Look for the line containing "Butternut Squash Cheddar" and the line containing "Nike tech fleece grå" in the entries below. Copy those two and all lines between them exactly, leaving out pictures.

* **THE DATA**:

────────

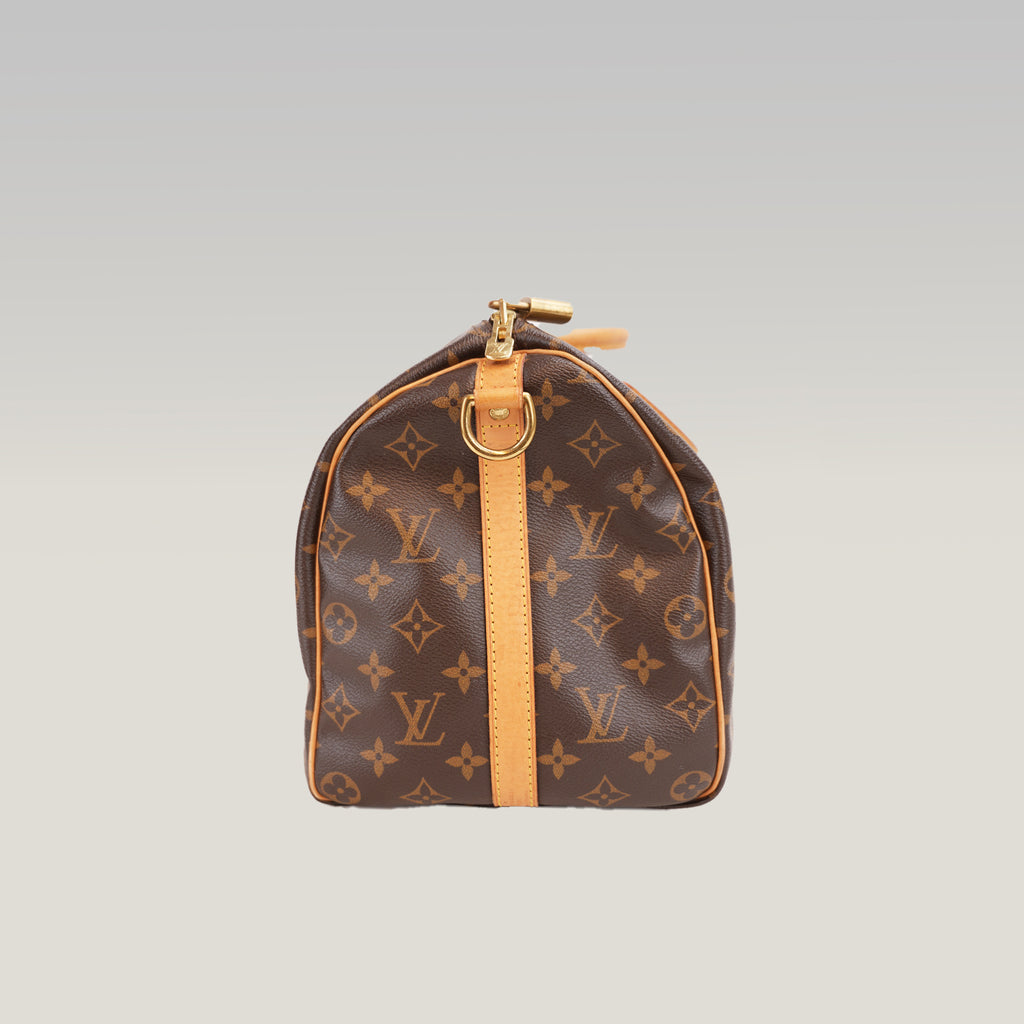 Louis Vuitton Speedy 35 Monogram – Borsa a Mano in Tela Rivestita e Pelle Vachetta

────────

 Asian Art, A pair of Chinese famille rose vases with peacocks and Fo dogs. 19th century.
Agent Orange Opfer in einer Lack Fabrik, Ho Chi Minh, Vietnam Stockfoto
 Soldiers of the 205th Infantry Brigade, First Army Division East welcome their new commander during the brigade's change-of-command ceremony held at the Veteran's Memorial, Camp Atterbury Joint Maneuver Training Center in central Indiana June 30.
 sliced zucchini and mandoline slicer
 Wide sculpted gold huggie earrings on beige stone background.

────────

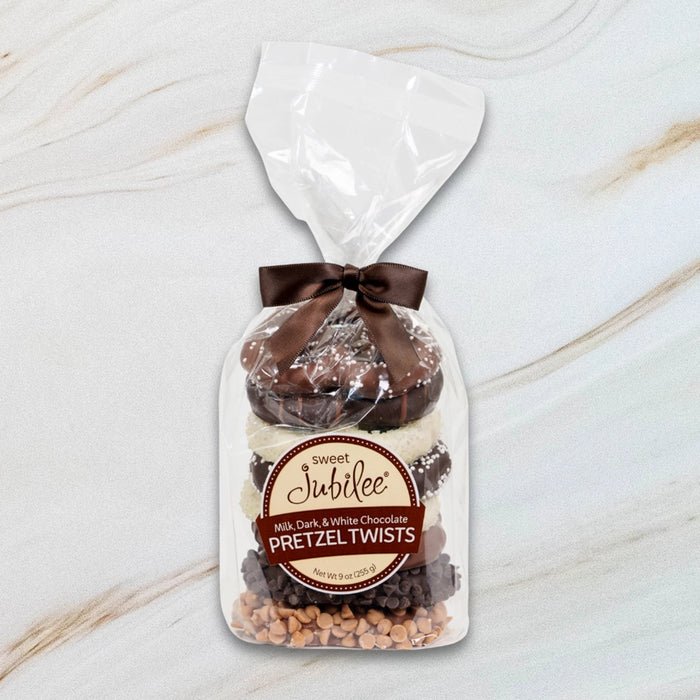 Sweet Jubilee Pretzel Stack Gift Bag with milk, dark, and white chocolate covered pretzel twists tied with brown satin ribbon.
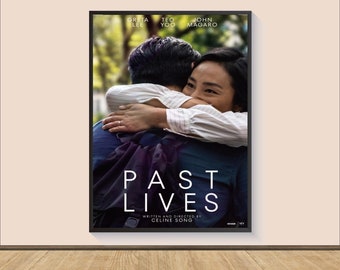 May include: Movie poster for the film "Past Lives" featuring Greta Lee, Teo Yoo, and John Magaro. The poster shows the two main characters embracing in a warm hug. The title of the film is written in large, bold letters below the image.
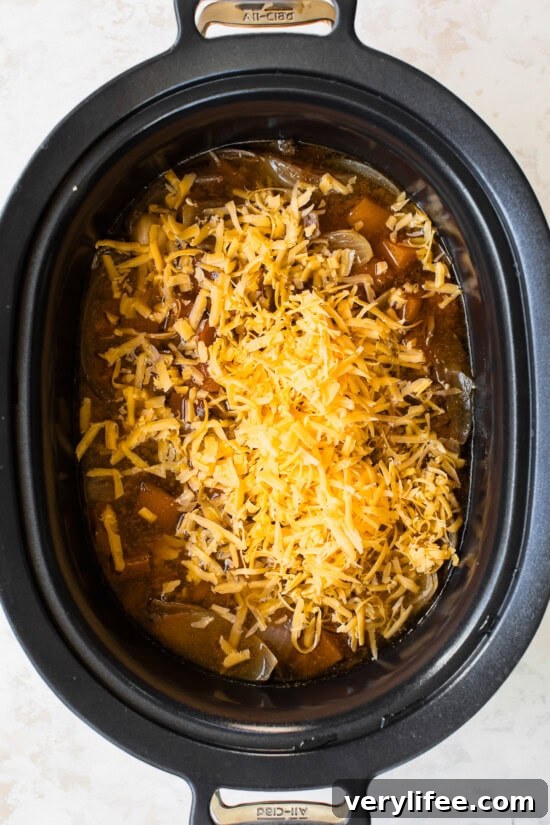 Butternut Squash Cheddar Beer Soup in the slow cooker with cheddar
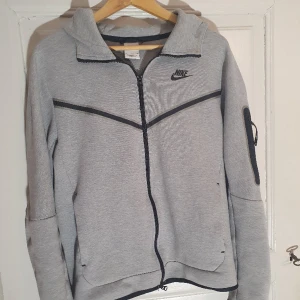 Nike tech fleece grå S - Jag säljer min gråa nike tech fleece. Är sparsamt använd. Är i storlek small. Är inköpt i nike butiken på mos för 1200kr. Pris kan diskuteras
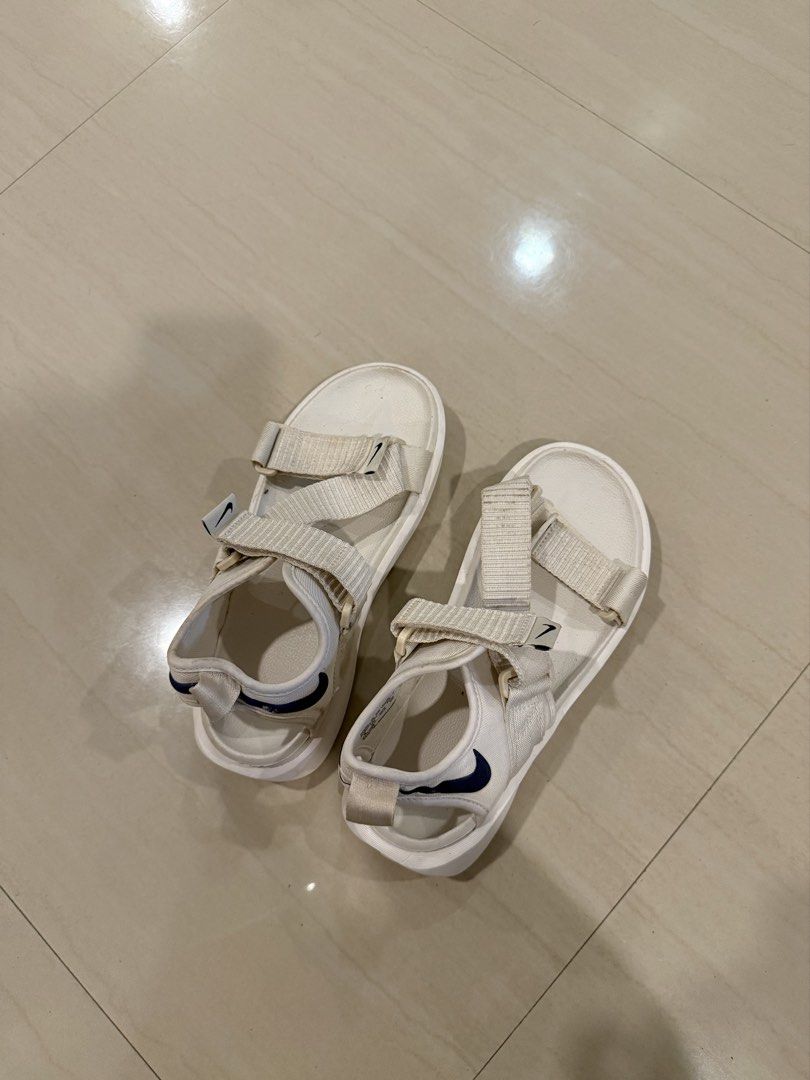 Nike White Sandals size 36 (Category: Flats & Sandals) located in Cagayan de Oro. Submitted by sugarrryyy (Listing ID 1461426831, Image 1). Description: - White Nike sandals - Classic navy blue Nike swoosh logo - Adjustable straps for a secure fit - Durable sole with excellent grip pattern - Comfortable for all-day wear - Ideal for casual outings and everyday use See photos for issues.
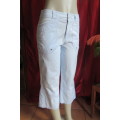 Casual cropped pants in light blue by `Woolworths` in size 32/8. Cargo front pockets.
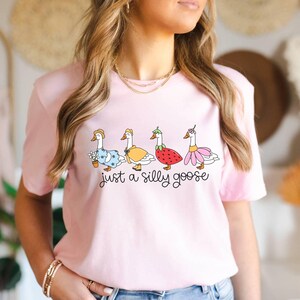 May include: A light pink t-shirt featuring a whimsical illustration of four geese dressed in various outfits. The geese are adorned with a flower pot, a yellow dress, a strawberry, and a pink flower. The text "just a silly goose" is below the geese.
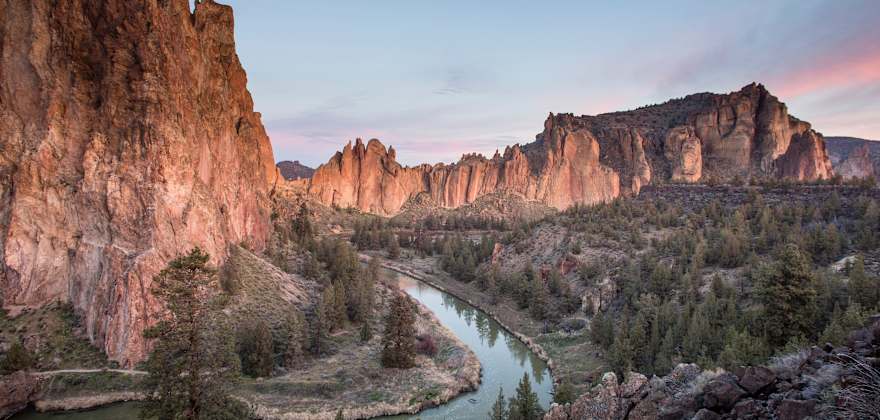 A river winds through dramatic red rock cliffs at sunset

────────

* **RESULT OF THE TASK**:
 Butternut Squash Cheddar Beer Soup in the slow cooker with cheddar
 Nike tech fleece grå S - Jag säljer min gråa nike tech fleece. Är sparsamt använd. Är i storlek small. Är inköpt i nike butiken på mos för 1200kr. Pris kan diskuteras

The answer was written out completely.